A ceci près que trop souvent, à la noblesse des intentions, s’allie comme une dilution totale de la forme, la mise en scène, le cinéma dans la compassion pour les victimes de ce statu quo, l’affadissement pur et simple de films jamais à proprement parler « mauvais » (quoique certains…), mais rarement vraiment bons non plus (à l’exception du beau Kes, Family life, Regards et sourires, et surtout de Ladybird et Sweet sixteen, seuls de ses films à regarder la vraie violence, la vraie cruauté de la vie en face, ou en tout cas la représenter sans fard) à force de bonnes intentions.

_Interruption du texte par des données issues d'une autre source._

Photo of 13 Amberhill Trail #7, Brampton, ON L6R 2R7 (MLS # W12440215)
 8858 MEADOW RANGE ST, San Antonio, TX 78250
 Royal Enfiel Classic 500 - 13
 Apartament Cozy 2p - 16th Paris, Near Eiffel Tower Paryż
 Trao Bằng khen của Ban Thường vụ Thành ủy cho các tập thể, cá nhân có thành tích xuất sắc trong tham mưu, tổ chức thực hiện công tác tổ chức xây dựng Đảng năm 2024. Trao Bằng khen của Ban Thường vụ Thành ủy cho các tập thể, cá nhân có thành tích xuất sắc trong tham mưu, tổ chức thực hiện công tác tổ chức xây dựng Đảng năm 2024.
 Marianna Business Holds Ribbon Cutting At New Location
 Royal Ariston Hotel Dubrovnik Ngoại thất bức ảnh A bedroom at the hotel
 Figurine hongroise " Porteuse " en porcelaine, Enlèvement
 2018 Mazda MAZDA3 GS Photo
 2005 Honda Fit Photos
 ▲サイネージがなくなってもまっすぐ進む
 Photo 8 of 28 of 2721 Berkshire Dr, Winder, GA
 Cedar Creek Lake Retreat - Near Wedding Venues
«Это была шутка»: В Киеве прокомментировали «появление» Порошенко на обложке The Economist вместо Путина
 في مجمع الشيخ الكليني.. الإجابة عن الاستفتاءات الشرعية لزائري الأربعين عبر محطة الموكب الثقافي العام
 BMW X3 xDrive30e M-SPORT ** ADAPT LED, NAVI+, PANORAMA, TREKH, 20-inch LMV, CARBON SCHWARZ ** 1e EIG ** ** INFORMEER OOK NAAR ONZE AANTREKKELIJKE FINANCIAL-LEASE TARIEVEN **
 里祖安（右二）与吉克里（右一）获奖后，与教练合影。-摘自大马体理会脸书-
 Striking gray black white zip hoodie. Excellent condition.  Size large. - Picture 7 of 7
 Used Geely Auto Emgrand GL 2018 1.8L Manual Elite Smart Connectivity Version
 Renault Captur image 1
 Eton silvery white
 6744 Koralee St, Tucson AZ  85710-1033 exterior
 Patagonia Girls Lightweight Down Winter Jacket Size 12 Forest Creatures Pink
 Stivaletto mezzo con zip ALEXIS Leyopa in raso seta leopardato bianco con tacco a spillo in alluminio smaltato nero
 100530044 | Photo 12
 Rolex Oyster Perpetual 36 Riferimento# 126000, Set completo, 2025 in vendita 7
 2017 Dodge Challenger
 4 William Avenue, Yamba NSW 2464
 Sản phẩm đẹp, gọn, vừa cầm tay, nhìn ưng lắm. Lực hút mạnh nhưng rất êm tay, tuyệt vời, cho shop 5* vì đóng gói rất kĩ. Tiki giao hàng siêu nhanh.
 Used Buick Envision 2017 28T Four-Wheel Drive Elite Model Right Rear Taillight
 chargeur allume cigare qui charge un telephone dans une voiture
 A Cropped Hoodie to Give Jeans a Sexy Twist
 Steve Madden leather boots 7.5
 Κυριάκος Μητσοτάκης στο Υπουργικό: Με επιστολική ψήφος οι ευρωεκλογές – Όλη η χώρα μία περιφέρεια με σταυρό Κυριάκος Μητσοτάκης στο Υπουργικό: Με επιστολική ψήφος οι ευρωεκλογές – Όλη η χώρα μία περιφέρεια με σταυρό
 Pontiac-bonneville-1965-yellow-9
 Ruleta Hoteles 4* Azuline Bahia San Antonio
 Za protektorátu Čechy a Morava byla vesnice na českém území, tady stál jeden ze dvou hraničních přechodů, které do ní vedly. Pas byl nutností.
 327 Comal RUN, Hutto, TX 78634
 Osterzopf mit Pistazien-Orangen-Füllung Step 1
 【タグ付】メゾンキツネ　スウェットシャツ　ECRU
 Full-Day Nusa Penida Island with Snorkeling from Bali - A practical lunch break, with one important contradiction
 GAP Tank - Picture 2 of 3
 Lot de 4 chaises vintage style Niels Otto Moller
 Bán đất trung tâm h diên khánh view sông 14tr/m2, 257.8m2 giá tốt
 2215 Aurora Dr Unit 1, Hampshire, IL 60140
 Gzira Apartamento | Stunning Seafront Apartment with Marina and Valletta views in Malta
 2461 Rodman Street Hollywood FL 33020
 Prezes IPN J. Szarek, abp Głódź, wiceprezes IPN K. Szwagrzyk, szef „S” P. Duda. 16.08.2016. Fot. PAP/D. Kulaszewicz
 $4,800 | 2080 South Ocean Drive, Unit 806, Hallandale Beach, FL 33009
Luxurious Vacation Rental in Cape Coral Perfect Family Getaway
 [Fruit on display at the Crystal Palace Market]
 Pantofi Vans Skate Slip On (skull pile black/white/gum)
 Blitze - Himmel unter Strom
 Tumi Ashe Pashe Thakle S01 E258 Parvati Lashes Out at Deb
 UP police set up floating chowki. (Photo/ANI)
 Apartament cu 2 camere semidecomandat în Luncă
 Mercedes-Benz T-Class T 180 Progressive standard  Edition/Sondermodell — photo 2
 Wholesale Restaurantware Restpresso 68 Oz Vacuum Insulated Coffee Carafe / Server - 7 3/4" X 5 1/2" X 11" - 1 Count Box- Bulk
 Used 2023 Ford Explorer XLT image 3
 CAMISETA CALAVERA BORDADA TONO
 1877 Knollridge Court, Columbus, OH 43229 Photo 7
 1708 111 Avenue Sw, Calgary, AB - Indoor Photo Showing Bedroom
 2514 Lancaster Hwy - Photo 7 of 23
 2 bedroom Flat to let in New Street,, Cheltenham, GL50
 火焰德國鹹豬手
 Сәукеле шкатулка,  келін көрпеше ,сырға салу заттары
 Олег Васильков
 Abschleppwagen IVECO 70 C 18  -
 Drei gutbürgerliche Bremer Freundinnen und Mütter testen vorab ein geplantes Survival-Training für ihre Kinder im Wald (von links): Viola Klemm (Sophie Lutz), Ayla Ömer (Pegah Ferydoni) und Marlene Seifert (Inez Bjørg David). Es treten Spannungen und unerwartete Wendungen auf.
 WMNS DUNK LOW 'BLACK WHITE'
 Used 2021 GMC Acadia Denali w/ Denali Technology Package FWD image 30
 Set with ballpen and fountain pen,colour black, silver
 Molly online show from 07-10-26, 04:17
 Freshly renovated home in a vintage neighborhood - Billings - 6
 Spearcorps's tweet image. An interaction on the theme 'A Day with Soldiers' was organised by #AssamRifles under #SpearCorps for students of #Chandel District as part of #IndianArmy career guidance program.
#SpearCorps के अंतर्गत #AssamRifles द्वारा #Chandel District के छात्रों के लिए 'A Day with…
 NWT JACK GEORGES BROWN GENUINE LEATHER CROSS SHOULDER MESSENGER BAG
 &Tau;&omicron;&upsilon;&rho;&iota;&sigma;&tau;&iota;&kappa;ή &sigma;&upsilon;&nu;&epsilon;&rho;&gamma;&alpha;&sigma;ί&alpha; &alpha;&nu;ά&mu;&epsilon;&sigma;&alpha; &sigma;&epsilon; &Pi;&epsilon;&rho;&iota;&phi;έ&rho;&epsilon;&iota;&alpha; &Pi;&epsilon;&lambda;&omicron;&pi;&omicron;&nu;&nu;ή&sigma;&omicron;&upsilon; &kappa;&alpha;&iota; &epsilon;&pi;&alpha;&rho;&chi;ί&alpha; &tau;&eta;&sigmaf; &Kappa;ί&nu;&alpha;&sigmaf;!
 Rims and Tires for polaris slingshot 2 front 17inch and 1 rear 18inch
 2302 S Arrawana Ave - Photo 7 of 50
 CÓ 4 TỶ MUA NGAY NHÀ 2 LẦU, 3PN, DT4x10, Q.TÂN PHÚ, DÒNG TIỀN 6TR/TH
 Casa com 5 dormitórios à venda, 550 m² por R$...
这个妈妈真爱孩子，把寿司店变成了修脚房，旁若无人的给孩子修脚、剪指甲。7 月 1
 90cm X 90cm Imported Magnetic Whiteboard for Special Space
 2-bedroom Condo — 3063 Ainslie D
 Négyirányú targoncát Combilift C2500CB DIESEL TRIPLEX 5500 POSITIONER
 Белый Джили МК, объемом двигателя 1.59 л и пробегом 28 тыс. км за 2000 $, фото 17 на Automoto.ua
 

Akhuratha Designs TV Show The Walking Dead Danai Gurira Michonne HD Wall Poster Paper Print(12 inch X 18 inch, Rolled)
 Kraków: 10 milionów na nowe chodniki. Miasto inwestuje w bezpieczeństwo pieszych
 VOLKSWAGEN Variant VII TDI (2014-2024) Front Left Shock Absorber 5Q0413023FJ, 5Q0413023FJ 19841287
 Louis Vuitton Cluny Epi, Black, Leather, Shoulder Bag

The Gamekeeper (1980), encore inédit dans nos salles, a en ce sens le mérite de justement privilégier le quotidien d’un travailleur, la pratique de son métier de garde-chasse élevant des faisans en vue de leur chasse prochaine par le duc qui l’emploie. Film élégant, très fluide dans son approche réaliste du sujet, permettant notamment de mesurer à quel point Loach, quand il le veut bien, peut être un extraordinaire filmeur, à défaut d’un grand metteur en scène. Regarder The Gamekeeper équivaut pour ainsi dire à partager le pur plaisir du passage des saisons – un peu à la manière de l’exemplaire Lady Chatterley de Pascale Ferrand – et l’absence de drame réel accompagnant la vie de ce gamekeeper et sa petite famille.
Là où à l’inverse Raining Stones (1993), film culte pour nombre de loachiens, sommet de l’œuvre si l’on se réfère aux critiques dithyrambiques de l’époque, marque bien l’abandon par le cinéaste de tout souci esthétique au profit, nous le disions, de la solidarité. Nous accompagnons donc Bob et Tommy, deux attachants prolos à la misère soulignée par l’immuable tenue vestimentaire (éternel survêtement pour l’un, vieux bonnet pour l’autre), l’allure de chiens errants au bout du rouleau, mais surtout l’énumération dans au moins une scène – sinon plus – de leurs galères et impasses du moment.
Une fois encore, la noblesse de l’homme et de ses intentions éclipserait donc en partie la possibilité d’une simple approche critique, d’une évaluation autonome et déculpabilisée de chaque film à sa seule mesure. Car oui, pour quelques-uns, Raining Stones est juste un très mauvais film, mal fichu, pas trop mal joué mais sans plus, même pas vraiment émouvant. L’édition simultanée dans la même collection des coffrets Loach et Beauvois, en même temps qu’elle invite à une réévaluation salutaire et distanciée du style et des convictions de chacun, peut aussi avoir ceci d’assez cruel qu’elle met à jour une autre forme d’inégalité, ne pouvant elle se soutenir d’aucune confusion entre forme et fond : celle d’un point de vue de cinéaste, de l’aptitude d’un homme à la caméra à édifier un film, une œuvre, à partir de ses intentions humanistes (de ce point de vue précis, les deux hommes sont largement égaux, sinon secrètement frères) et non uniquement avec elles. Une inégalité de « regard » ? Probablement.